I have two Dovecot mail servers that replicate to each other. Sometimes there are delays in the synchronization, and I notice that the mail log has entries like this:
Error: dsync(spokane): I/O has stalled, no activity for 600 seconds (last sent=mailbox, last recv=mailbox_state)
Five minutes seems like a long time to sit there waiting with nothing happening. Is there a way to reduce this timeout so that I don't have so many replicaton connections just sitting around doing nothing?
(Of course, a way to prevent the I/O stalls would be great too, but with my limited upload bandwidth, they may be unavoidable.)
Andy
I forgot to mention in my original message that I'm running Dovecot 2.3.21 (47349e2482).
It seems like the stalls are more likely to happen when the type of sync is "incremental" rather than "normal" or "full". (I'm inclined to think they only happen for incremental syncs, but I'm not sure.)
Andy
On Friday, January 19, 2024 9:26:29 AM PST, Andy Balholm wrote:
I have two Dovecot mail servers that replicate to each other. Sometimes there are delays in the synchronization, and I notice that the mail log has entries like this:
Error: dsync(spokane): I/O has stalled, no activity for 600 seconds (last sent=mailbox, last recv=mailbox_state)
Five minutes seems like a long time to sit there waiting with nothing happening. Is there a way to reduce this timeout so that I don't have so many replicaton connections just sitting around doing nothing?
(Of course, a way to prevent the I/O stalls would be great too, but with my limited upload bandwidth, they may be unavoidable.)
Andy
Can you try with doveadm -D and send the log?
Aki
On 20/01/2024 19:51 EET Andy Balholm andy@balholm.com wrote:
I forgot to mention in my original message that I'm running Dovecot 2.3.21 (47349e2482).
It seems like the stalls are more likely to happen when the type of sync is "incremental" rather than "normal" or "full". (I'm inclined to think they only happen for incremental syncs, but I'm not sure.)
Andy
On Friday, January 19, 2024 9:26:29 AM PST, Andy Balholm wrote:
I have two Dovecot mail servers that replicate to each other. Sometimes there are delays in the synchronization, and I notice that the mail log has entries like this:
Error: dsync(spokane): I/O has stalled, no activity for 600 seconds (last sent=mailbox, last recv=mailbox_state)
Five minutes seems like a long time to sit there waiting with nothing happening. Is there a way to reduce this timeout so that I don't have so many replicaton connections just sitting around doing nothing?

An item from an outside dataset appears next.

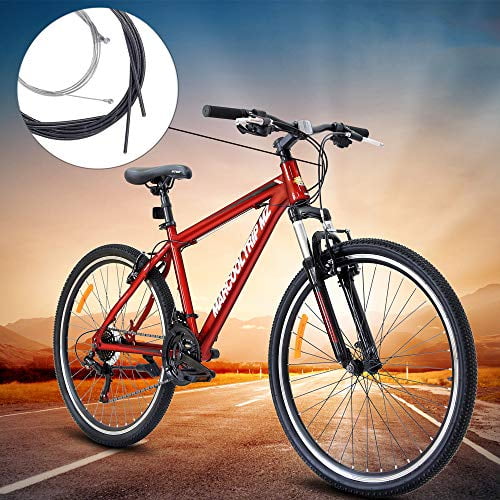 universal mountain bike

(Of course, a way to prevent the I/O stalls would be great too, but with my limited upload bandwidth, they may be unavoidable.)
Andy
dovecot mailing list -- dovecot@dovecot.org To unsubscribe send an email to dovecot-leave@dovecot.org
I'm not sure how to do that, because I'm doing automatic replication, not running doveadm sync manually. I tried adding -D to replication_dsync_parameters, but that gave me an error, because the -D was in the wrong place on the command line. (It should be doveadm -D sync, and it was ending up with something like doveadm sync -D)
Andy
On Sunday, January 21, 2024 7:36:13 AM PST, Aki Tuomi wrote:
Can you try with doveadm -D and send the log?
Aki
On 20/01/2024 19:51 EET Andy Balholm andy@balholm.com wrote:
I forgot to mention in my original message that I'm running Dovecot 2.3.21 (47349e2482).
It seems like the stalls are more likely to happen ...
you could try running it manually from cli..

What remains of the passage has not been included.